The main reason Los Angeles was awarded the “Dream Big” prize by the SDA was to deliver the primary purpose of “Startup in a Day”. Namely, starting your business in a single day.
But it’s clear that you can’t do this at the LA Business Portal. The key external partner for the project says that the startup guides achieve this, cutting the business registration process from several days to about 20 minutes. Unfortunately this is “tick a box” language. While the guides are a step forward in finding in a single location where to go next, it doesn’t mean starting up in a day. Far from it. If I was Maria Contreras-Sweet and were Adminstrator for the SBA I’d be quietly disappointed to see that the primary goal had not been achieved.
Achieving the goal of starting a business in a single day is unrealistic though when you consider the regulations and licenses of various agencies within the federal, state and local government. That said you’d expect Los Angeles would at least be able to link together their services seamlessly.
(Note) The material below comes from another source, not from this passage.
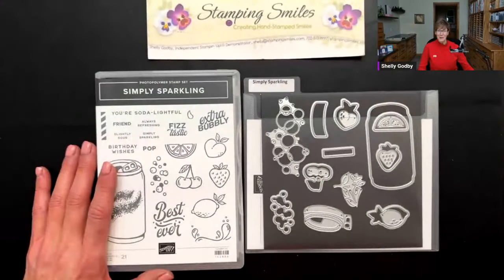Hi and welcome to my Tuesday evening live card making tutorial. This evening I'm going to demonstrate a cool and refreshing card with the Stampin' Up! Simply Sparkling Bundle. Please go ahead and like and share my video — that will help me out. When you leave a comment you'll get entered into a drawing at the end. Let's go ahead and have a closer look at the Simply Sparkling Bundle.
The main task of starting a business in Los Angeles is obviously registering the business. But no effort appears to have been made to integrate or even improve the Los Angeles Office of Finance’s new business registration process. This online service asks a lot of unrelated questions about what industry your business operates (“Are you engaged in the business of binding books?”, “Are you engaged in business as a Mailing Service?”, “Are you in the business of teaching music?” etc.)
I endeavored using the service as a management consultancy. But none of the dozens of questions related to my business. The only one I thought might be related was “Do you conduct any service activities that are not described as 'Miscellaneous Services', as well as all other business activities not specifically taxed by other sections of the Business Tax Ordinance? Some examples are attorneys, dentists, barbers, auto mechanics, handymen, etc?” But there was no advice on what this meant. If you don’t know about the Business Tax Ordinance and how it applies you have no idea on how to proceed.
I am fully aware of a business owner that it’s still essential to understand how the law works and impacts your business, but it would be useful to make it clearer to people looking at starting a business in Los Angeles.
When I answered “No” to all the various questions the application wouldn’t let me proceed further, so I ended up saying yes the Miscellaneous Services question.
I received more questions, this time relating to whether I need police permitting. What was exasperating as a customer was the unnecessary questioning. I’d already answered what type of business I was in, yet the police permitting questions went onto ask anyway whether I was operating a spray tan booth, operating a skating rink or a car towing operator. The next page from the fire department asked if I was operating a school, or even a hospital nursing home.
The Startup in a Day initiative really should have looked at this clunky aspect of the experience. LA’s innovation team made the effort to get so much right, but when it came to what really mattered - the actual process of starting your business - they glaringly missed a golden opportunity for improvement. Not only does this make the customer journey a jarring end, but it also misses out on the chance to drive benefits for both the customer - getting started faster and having a more positive view of Los Angeles City - but it also misses out benefits for the city.
Practical steps to improve your businesses’ experience in your jurisdiction
Copy the good things done:
- Put the customer at the heart of your offering
- Listen to their needs and build the service based on their customer journey
- Make it seamless, join up agencies into a single integrated service
- Get some quick wins and then add incremental improvements
And avoid their mistakes:
- A disjointed service application experience
- Failing to understand the missed opportunities of getting things right to drive customer and government benefits.